**What is being asked:** Apart from the pictures, the listing is to be returned exactly.

**Data excerpt:**
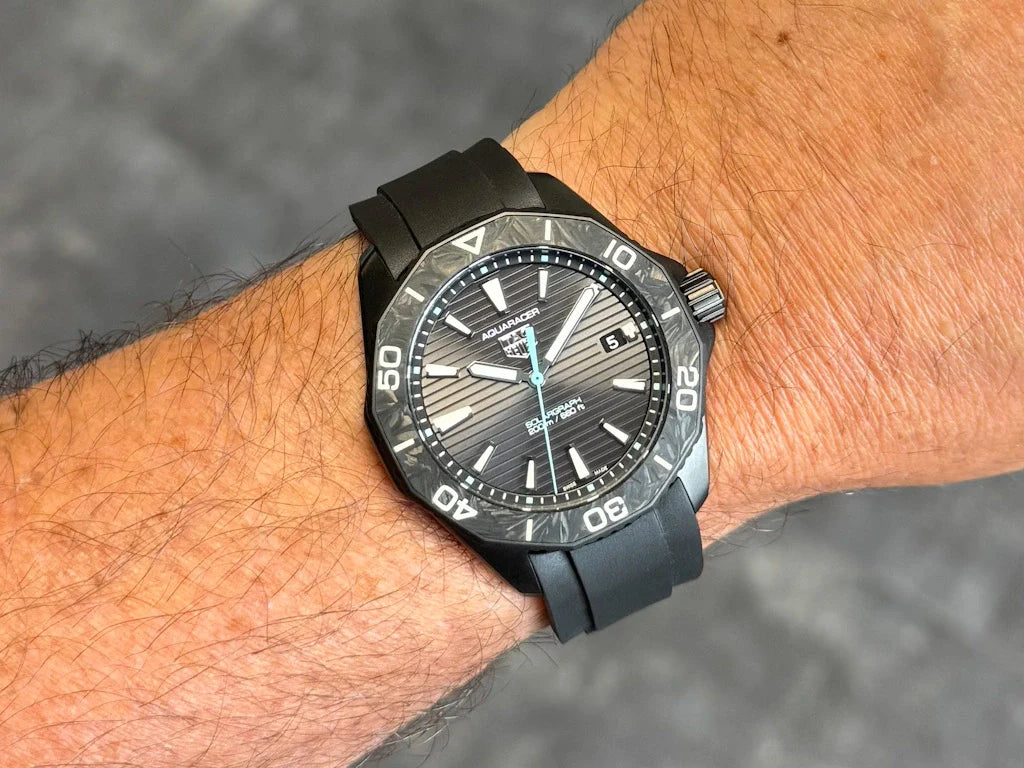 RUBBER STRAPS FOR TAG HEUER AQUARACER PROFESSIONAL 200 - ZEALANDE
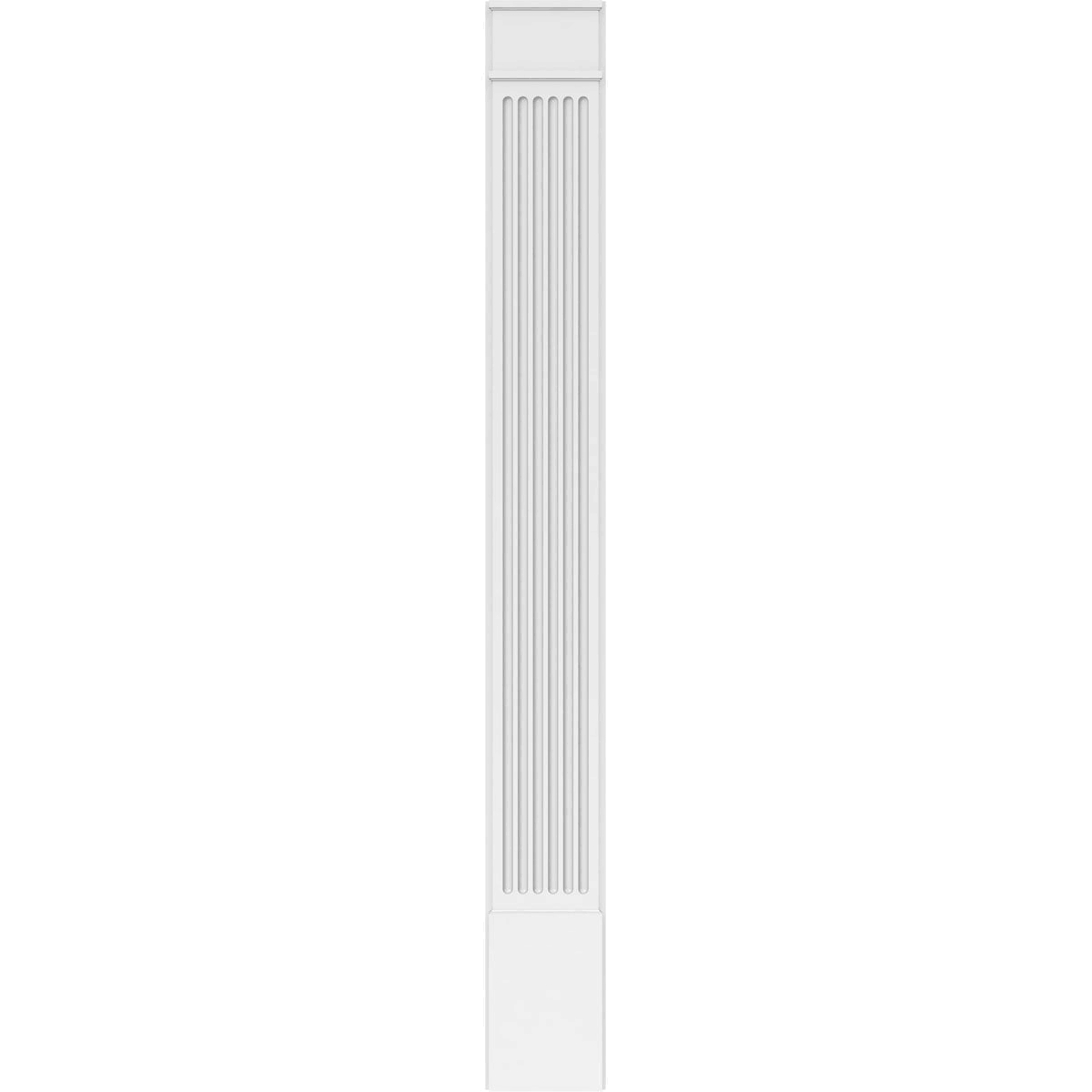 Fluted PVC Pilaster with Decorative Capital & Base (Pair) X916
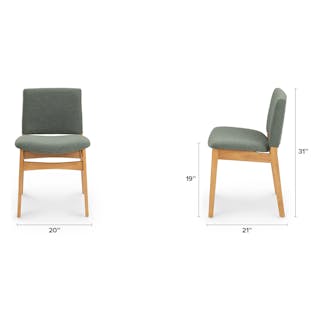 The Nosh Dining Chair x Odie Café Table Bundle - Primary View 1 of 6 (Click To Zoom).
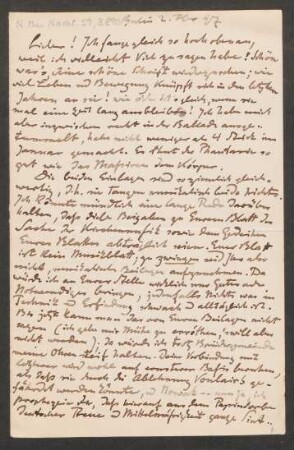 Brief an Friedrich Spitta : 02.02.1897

**Answer to this problem:**
 RUBBER STRAPS FOR TAG HEUER AQUARACER PROFESSIONAL 200 - ZEALANDE
 Fluted PVC Pilaster with Decorative Capital & Base (Pair) X916
 The Nosh Dining Chair x Odie Café Table Bundle - Primary View 1 of 6 (Click To Zoom).
 Brief an Friedrich Spitta : 02.02.1897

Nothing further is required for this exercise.